### Problem to work on
The answer must consist only of the lines in the records below from the line with "Hello. Today I'm" to the line with "To install Acolyte", both included, copied word for word with every picture left out.

### Material for this exercise
::::
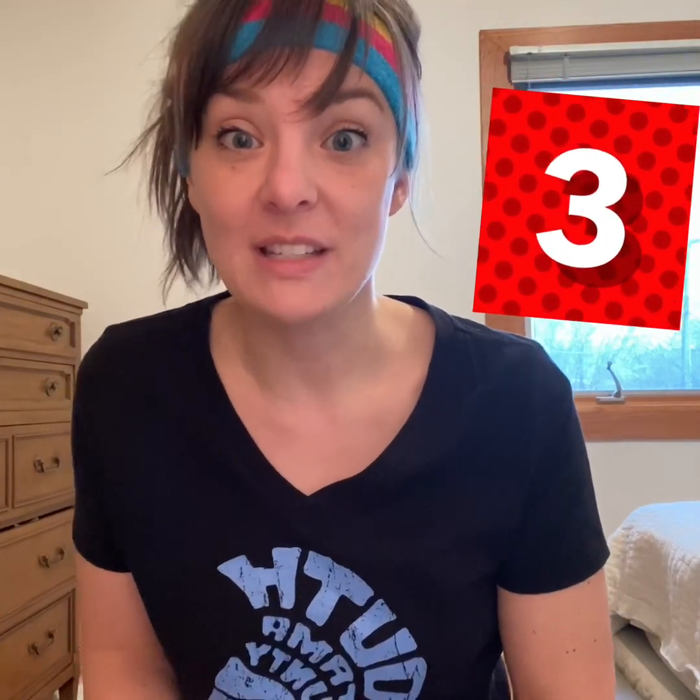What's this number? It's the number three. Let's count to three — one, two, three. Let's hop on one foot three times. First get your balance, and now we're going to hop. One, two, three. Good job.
::::
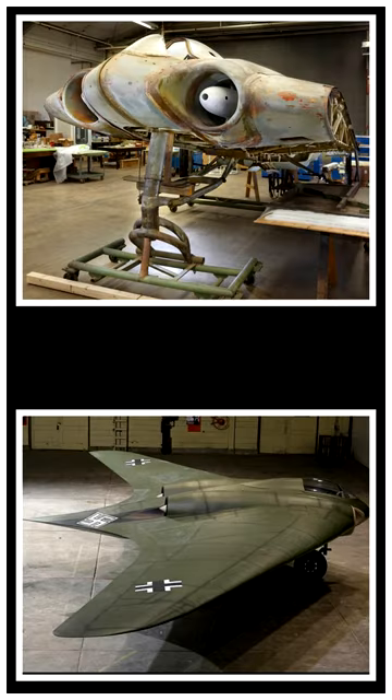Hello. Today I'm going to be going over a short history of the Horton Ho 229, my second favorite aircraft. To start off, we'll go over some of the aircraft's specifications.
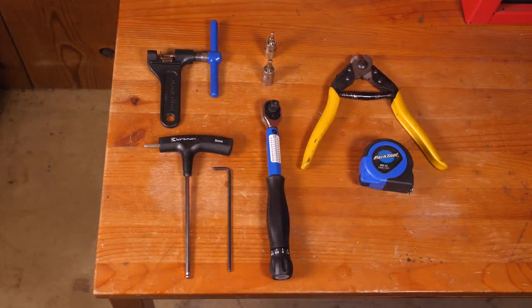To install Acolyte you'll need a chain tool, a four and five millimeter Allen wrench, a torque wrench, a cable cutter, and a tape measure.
::::
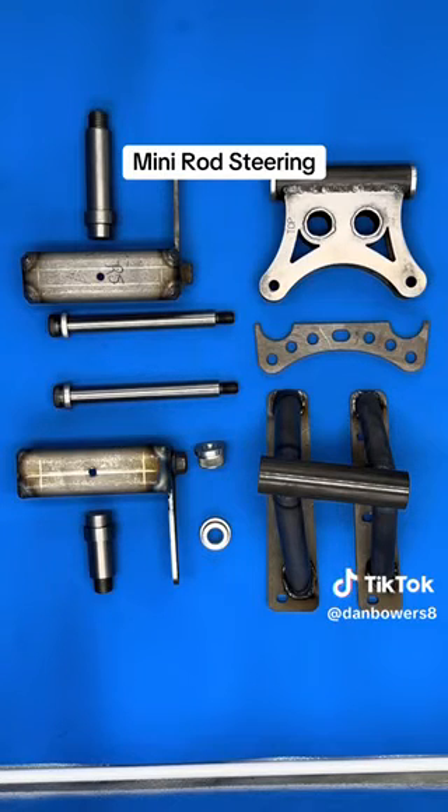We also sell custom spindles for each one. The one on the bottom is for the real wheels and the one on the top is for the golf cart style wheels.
::::
### Response for this exercise
Hello. Today I'm going to be going over a short history of the Horton Ho 229, my second favorite aircraft. To start off, we'll go over some of the aircraft's specifications.
To install Acolyte you'll need a chain tool, a four and five millimeter Allen wrench, a torque wrench, a cable cutter, and a tape measure.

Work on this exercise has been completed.